Alex didn't think she needed to answer to Zach Tucker about whom she was spending time with, not when one man was dead and another man's life was hanging in the balance. Not when the horror of her past-the horror she had feared had visited the Toms family just a few days ago–was now raking her heart open all over again.

"I'm out at the Tulak cabin, Zach. I'll leave right away, but I'm probably forty-five minutes out."

"Forget it. We can't afford to wait on you. I'll track down Roger Bemis instead." He disconnected, leaving Alex sitting there, frozen in shock.

"What happened?" Kade asked. "Who's been hurt?" For a moment, it was all she could do to concentrate on breathing in and out. Her heart banged miserably, guilt gnawing at her. "I should have warned them. I should have told them what I knew instead of thinking I could deny it."

"Alex?" Kade's voice was cautious, his fingers firm but tender as he lifted her face up toward his.

"Tell me what's going on."

"Big Dave and Lanny Ham," she murmured. "They were attacked today in the bush. Lanny's dead. Big Dave might not make it."

And if Kade had gone with them, instead of coming out with her? The idea that he might have been close to that danger–or worse, a victim of it–made her heart lurch. She felt ill with fear and dread, but it was her anger that she clung to.

"You're right, Kade. I can't run away from what I know. Not anymore. I have to face this evil. I have to take a stand now, before anyone else gets hurt." Fury buoyed her where fear threatened to hold her down.

"I need to tell the truth–to everyone in Harmony. To the whole damned world, if that's what it takes. People need to know what's out there. They can't destroy an evil they don't even know exists."

"Alex." He pressed his lips together, started to shake his head as though he meant to dissuade her.

"Alex, I don't think that would be wise …"
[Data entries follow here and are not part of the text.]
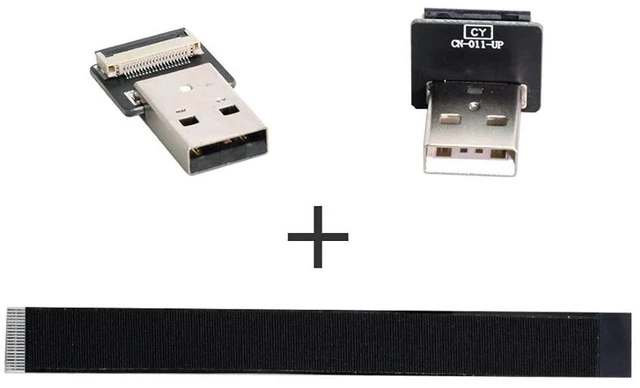 Alt view image 4 of 7 - USB 2.0 Flat Cable USB 2.0 Male to Male 90 Degree UP Angled Ribbon Flex Extension Cable Adapter 2.0M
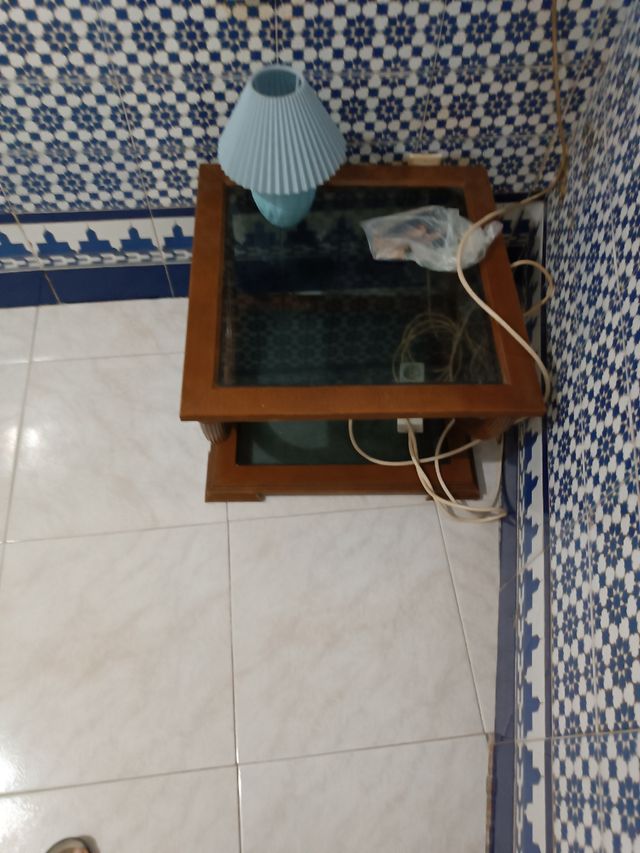 Mesa centro madera cristal cuadrada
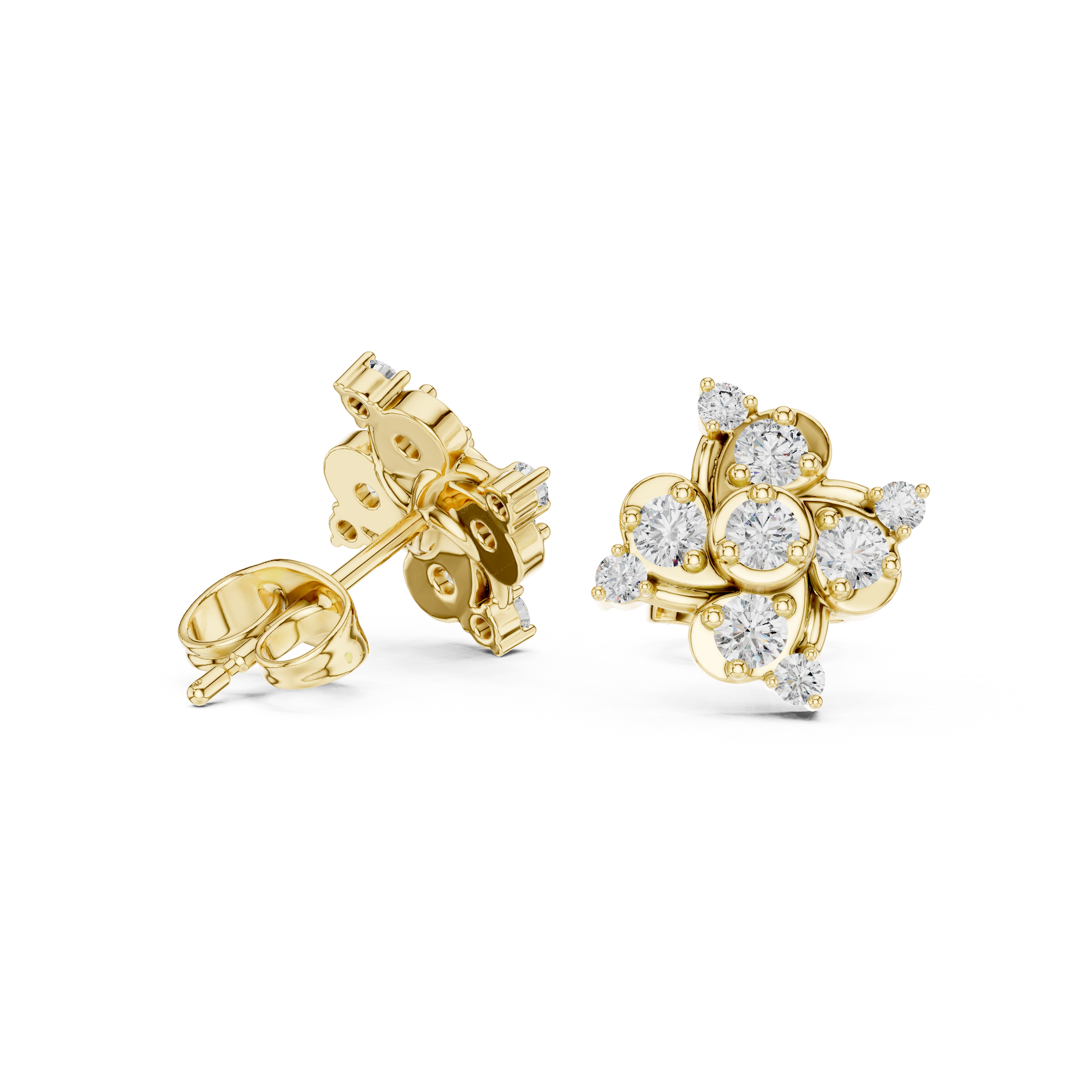 Round Cut Lab Grown Diamond Stud Earrings in Yellow Gold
She held his stare, incredulous. "It's because of you that I feel strong enough to do this, Kade. We need to stand together–everyone–and defeat this."

"Ah, Christ … Alex …"

His hesitation felt like a cold blade slowly pressing into her sternum. Confused by his change in attitude, but too determined to do what was right–to do what she had to do now–she backed away from him and started getting dressed. "I have to get back to Harmony. I'm leaving in the next five minutes. You can decide if you're coming with me or not."